#70941 introduced a new tier to instrument only hot code. It's mainly done to address the following problems:
- R2R code should still benefit from Dynamic PGO despite being not instrumented in the first place.
- Overhead from the instrumentation in Tier0 should not slow startup down (compared to the mode where DynamicPGO is disabled) and methods which never reach the next tier should not be instrumented at all.
To address these problems the following workflow was introduced:
flowchart
prestub(.NET Function) -->|Compilation| hasAO{"Marked with<br/>[AggressiveOpts]?"}
hasAO-->|Yes|tier1ao["JIT to <b><ins>Tier1</ins></b><br/><br/>(no dynamic profile data)"]
hasAO-->|No|hasR2R
hasR2R{"Is prejitted (R2R)?"} -->|No| tier000
tier000["JIT to <b><ins>Tier0</ins></b><br/><br/>(not optimized, not instrumented,<br/> with patchpoints)"]-->|Running...|ishot555
ishot555{"Is hot?<br/>(called >30 times)"}
ishot555-.->|No,<br/>keep running...|ishot555
ishot555-->|Yes|tier0
hasR2R -->|Yes| R2R
R2R["Use <b><ins>R2R</ins></b> code<br/><br/>(optimized, not instrumented,<br/>no patchpoints)"] -->|Running...|ishot1
ishot1{"Is hot?<br/>(called >30 times)"}-.->|No,<br/>keep running...|ishot1
ishot1--->|"Yes"|tier1inst
tier0["JIT to <b><ins>Tier0Instrumented</ins></b><br/><br/>(not optimized, instrumented,<br/> with patchpoints)"]-->|Running...|ishot5
tier1pgo2["JIT to <b><ins>Tier1</ins></b><br/><br/>(optimized with profile data)"]
tier1inst["JIT to <b><ins>Tier1Instrumented</ins></b><br/><br/>(optimized, instrumented, <br/>no patchpoints)"]
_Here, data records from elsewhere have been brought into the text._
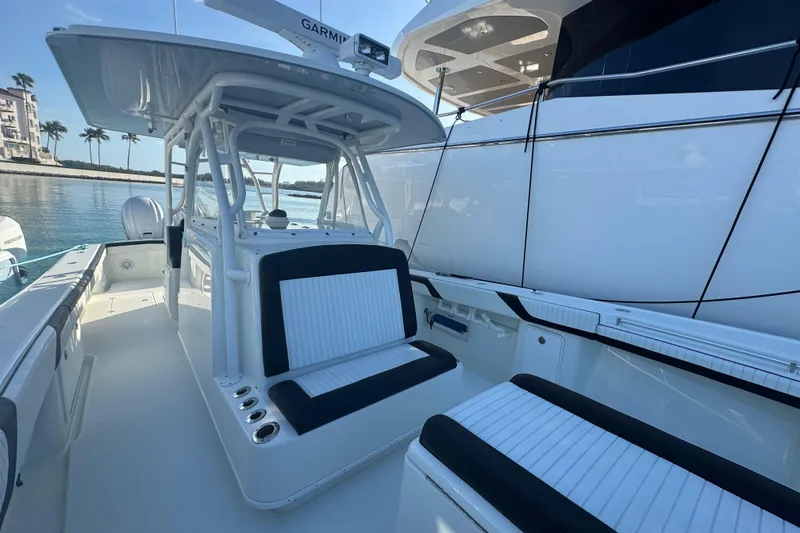 Slide: The Image of 2014 Yellowfin 39 Offshore boat interior with seating and Garmin equipment, docked by water. - 13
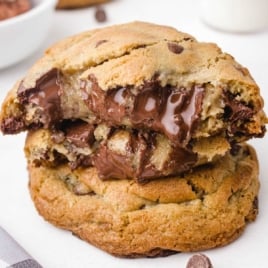 Close-up of a broken cookie stacked on another, revealing a melty chocolate center.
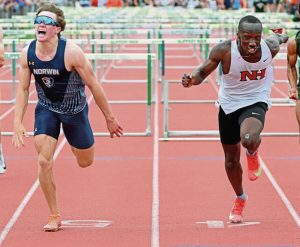 North Hills’s Gamaliel Mogire edges Norwin’s Ryan Schiller in a semifinal heat of the 110 hurdles during the WPIAL Class 3A Track and Field Championships on May 14 at Slippery Rock University.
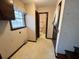 Hallway with linoleum floors leads to a bathroom and stairs at 388 Benton Farm Rd, Walterboro, SC 29488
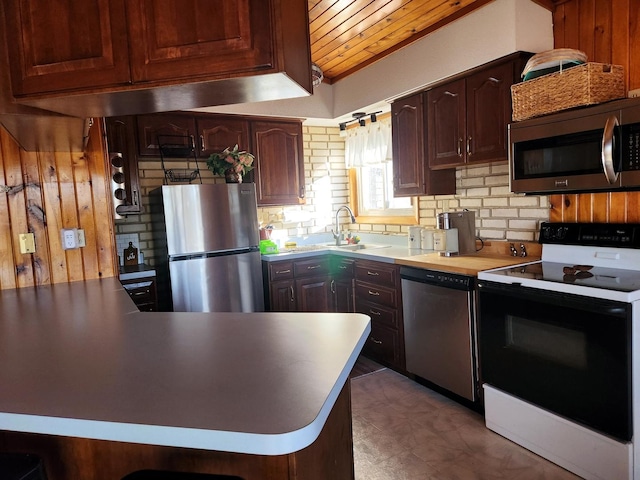 kitchen featuring wood ceiling, kitchen peninsula, appliances with stainless steel finishes, dark brown cabinetry, and sink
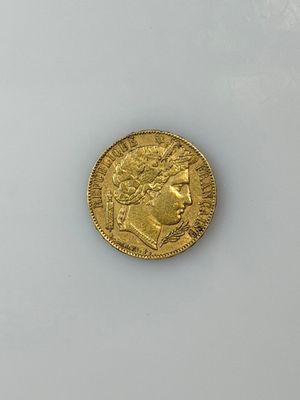a close up of a gold coin on a white surface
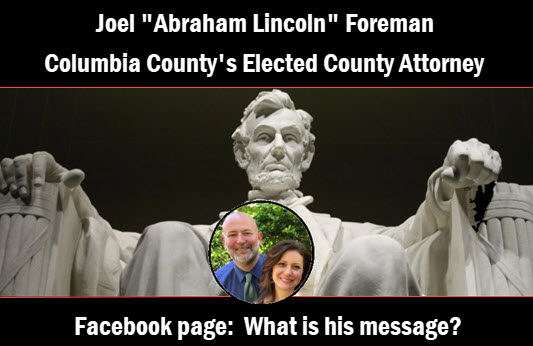 Columbia County Attorney Joel Foreman's Facebook page where he is in a circle in front of Abraham Lincoln. The copy reads: What was he thinking?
tier1inst-->|Running...|ishot5
ishot5{"Is hot?<br/>(called >30 times)"}-->|Yes|tier1pgo2
ishot5-.->|No,<br/>keep running...|ishot5
(VSCode doesn't support mermaid diagrams out of the box, consider installing external add-ins)
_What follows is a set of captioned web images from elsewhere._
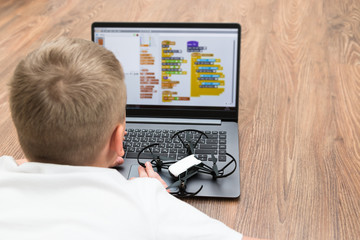 a teenage boy programs a copter drone on a scratch. stem education. modern technology and gadgets.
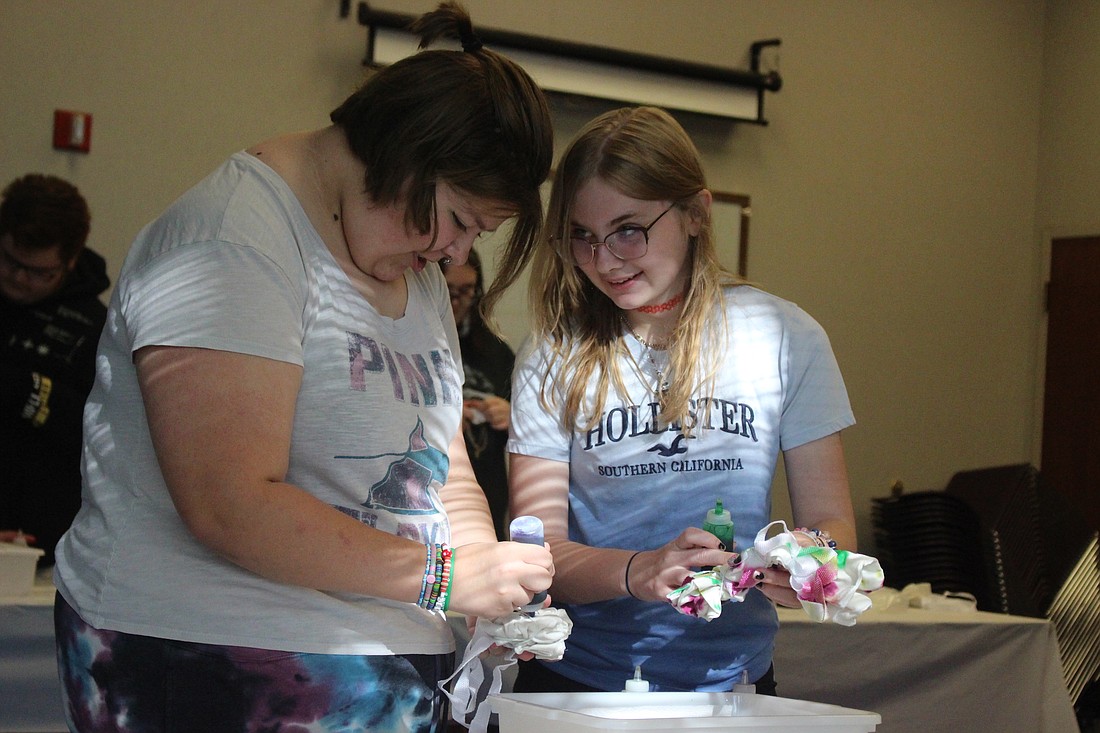 Jaidan Agler, 13, and Mary Garringer, 13, dye canvas tote bags Tuesday during Jay County Public Library’s Teen Tie-Dye Hour event. The library has various activities planned this summer, including an interactive “Toy Story” movie experience at 2 p.m. Friday. (The Commercial Review/Bailey Cline)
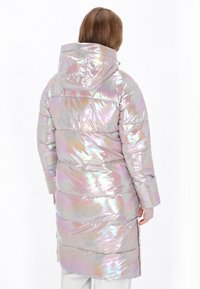 Hosszú, puffos kabát irizáló anyagból, kapucnival. Vízszintes steppelt részekkel és közepes hosszúságú fazonnal rendelkezik, különböző színeket tükröz.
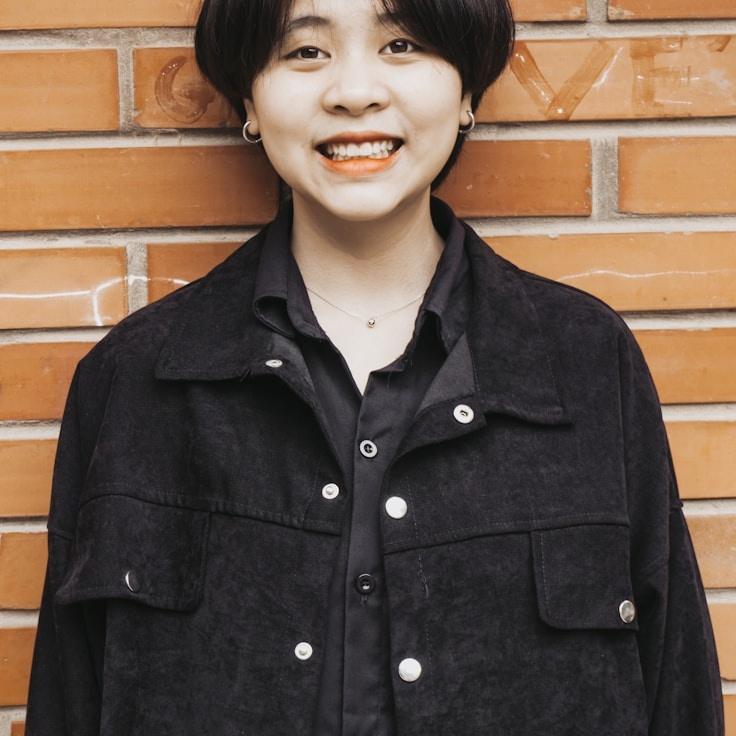 Kaveri Mehta, Lead Design Curator at Grove Field Quill, reviewing corporate floral arrangements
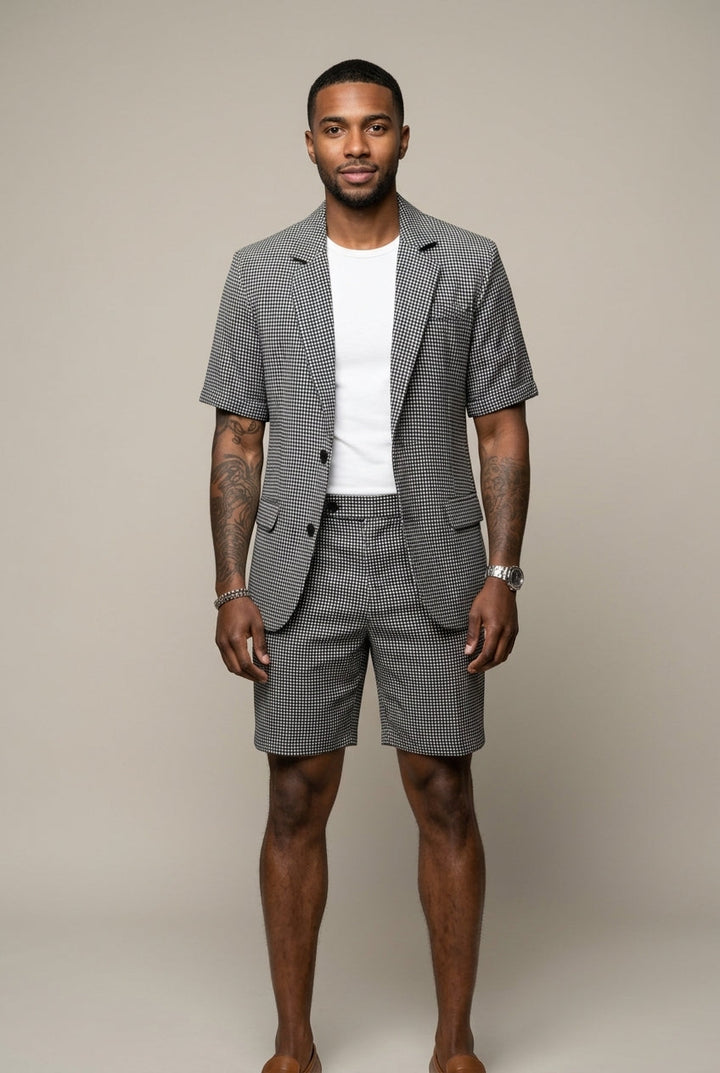 Men's black check two-piece set: modern tailored blazer and matching shorts, perfect for smart-casual summer style.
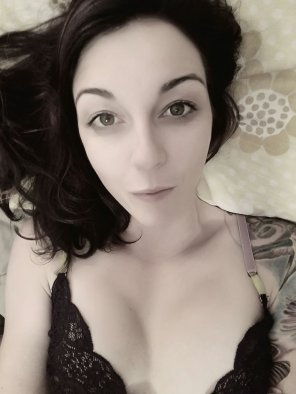 Pretty girl lying in bed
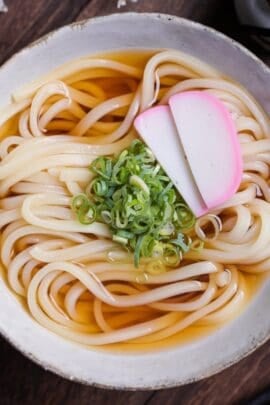 homemade kake udon noodle soup topped with chopped green onions (negi) and two slices of kamaboko Japanese fish cakes in an off-white ceramic bowl with brown rim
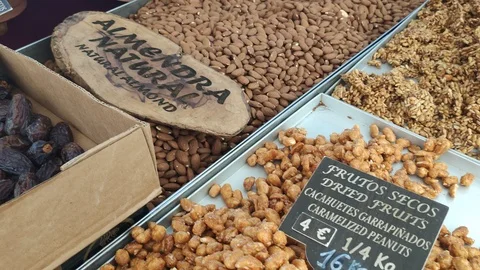 Variety of nuts and dried fruit on trading table. Open air marketplace Stock Footage 112633380
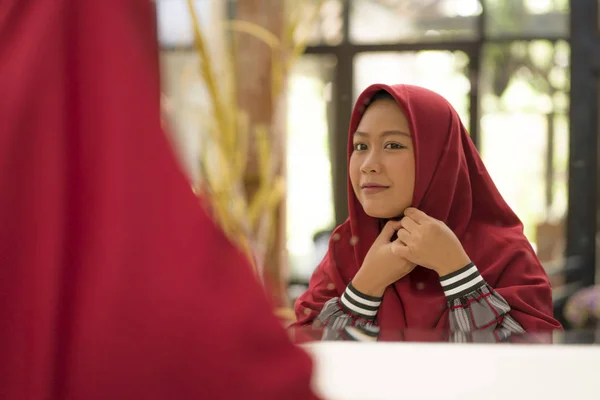 Mirror reflection of young happy and beautiful Muslim woman in traditional hijab adjusting red head scarf in beauty and fashion concept smiling in sweet face expression — Stock Photo, Image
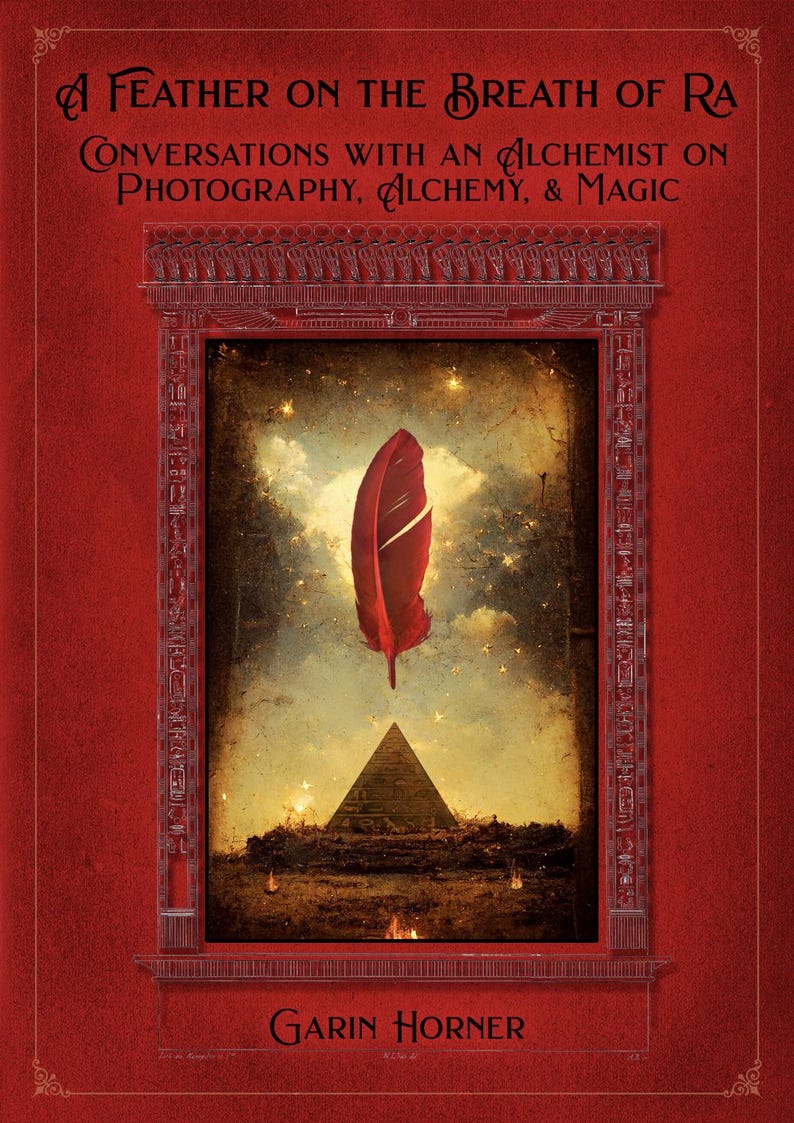 May include: A book cover with a red background and the title "A Feather on the Breath of Ra." The cover features a red feather floating above a pyramid, with text that reads "Conversations with an Alchemist on Photography, Alchemy, & Magic."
Now, any code is eligible for Dynamic PGO if it's hot enough. It's easier to explain this on a concrete example:
class MyDisposableImpl : IDisposable
{
public void Dispose() => Console.WriteLine("disposed");
}
class Program
{
static void Main()
{
for (int i = 0; i < 100; i++)
{
CallDispose(new MyDisposableImpl());
// Give VM some time to promote CallDispose
Thread.Sleep(15);
}
}
[MethodImpl(MethodImplOptions.NoInlining)]
static void CallDispose(IDisposable d) => d?.Dispose(); // virtual (interface) call
}
The method we'll be inspecting is CallDispose
. It has an unknown interface call + two branches (the ?
operator).
Let's see what happens when the method we're inspecting has an AOT version on start (e.g. our app was published with /p:PublishReadyToRun=true
):
; Assembly listing for method Program:CallDispose(System.IDisposable)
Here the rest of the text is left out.